Every doctor evaluates how active the lupus is in their own way. In a survey study nearly 70% of rheumatologists said they had their own system of assessing disease activity (DA). Only 11% of rheumatologists used labs or standardized disease activity tools for measuring disease activity (Strand V et al A&R 2014). Most rheumatologist that do perform standardized DA measurement do so because they are either participating in research or clinical trials for lupus.
Tracking disease activity in lupus is important for several reasons. Standardized DA measurements are require rheumatologists training, time and particpation. They are complex and hard to integrate into routine care visits. Their completion requires a rheumatologist trained in performing of these standardized evaluation to perform systematic general and organ specific history, examination, and several blood and urine tests. In some scenarios, lupus patients may not have access to a rheumatologist, doctor or the labs needed to complete these assessments. On the other hand patient reported disease evaluations correlate poorly with doctors measurement of disease activity.
To facilitate measurement of disease activity keeping in mind above limitations, we developed a simple tool that can be used as a surrogate for disease activity in Lupus. It involves patient particpation in the form of answering some questions, two lab tests and minimal involvement of the doctor. It is easy to perform and can be easily integrated into busy practices, or those with limited resources. A health care provider input is required to confirm attribution to lupus in case of abnormal labs (low C3/C4 and proteinuria) by exclusion of other confounding reasons, and confirmation of patients responses in regards to their current steroid use.

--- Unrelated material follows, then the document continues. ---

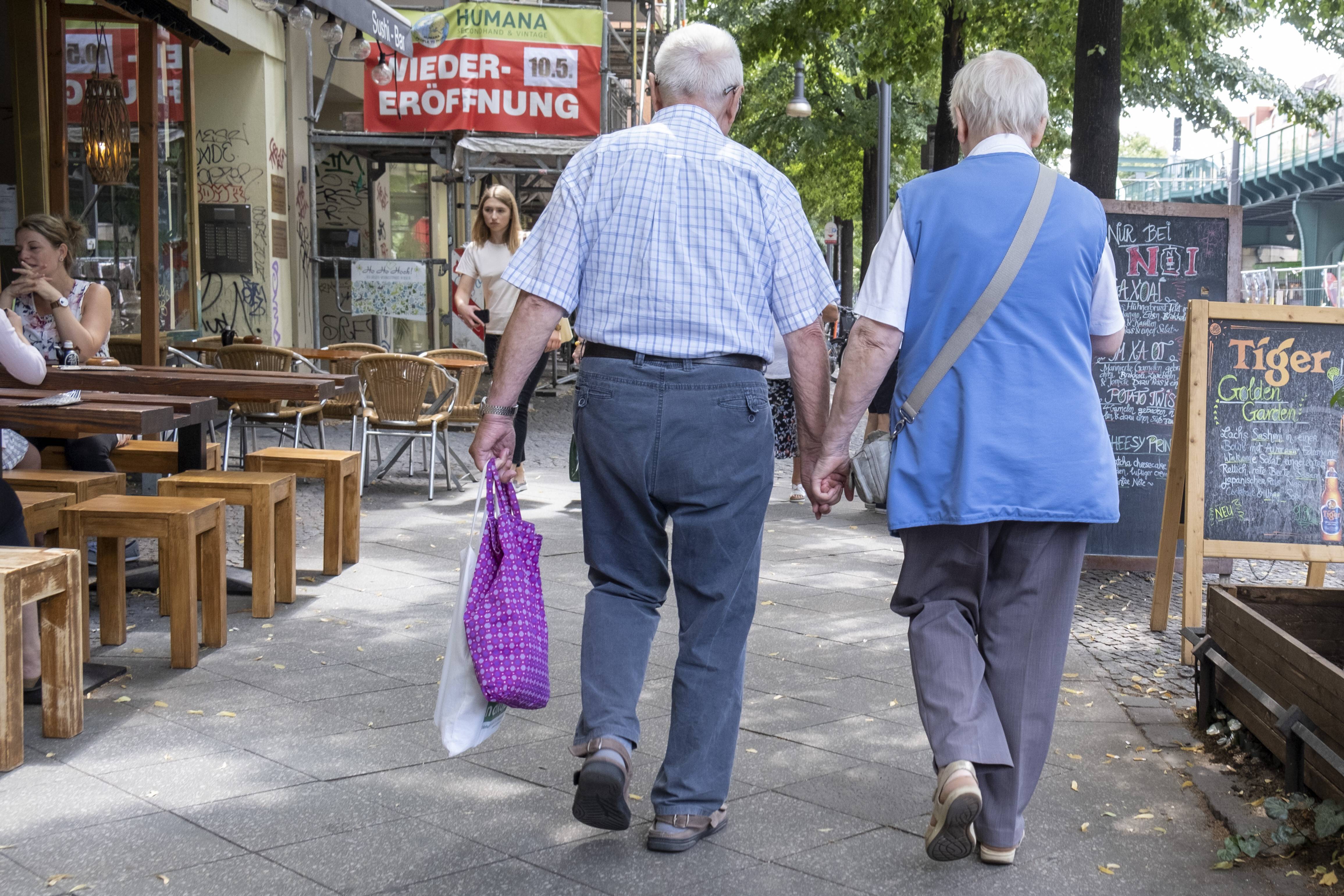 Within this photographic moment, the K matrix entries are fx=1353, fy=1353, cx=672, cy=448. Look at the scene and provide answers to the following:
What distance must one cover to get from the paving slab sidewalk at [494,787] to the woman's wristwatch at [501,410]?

SIMPLE index was derived using observational data from 1,150 patients with lupus from various countries. (Jolly M et al A&R.2014). We have confirmed its correlation with SELENA-SLEDAI to exceed 0.55 in a different patient group (Gandhi N et al. J Clin Rheum 2018) and in another external study including private practice and academic center lupus patients (n=201) (Collins C et al. A&R.2015). In the latter study, correlation of SIMPLE index with BILAG was 0.63 (n 56) (Narayanan S et al. ISPOS.2016. Test retest reliability was 0.76 (Chatham WW et al. EULAR 2016). Pilot data shows improvement in SIMPLE Index with improvement in disease.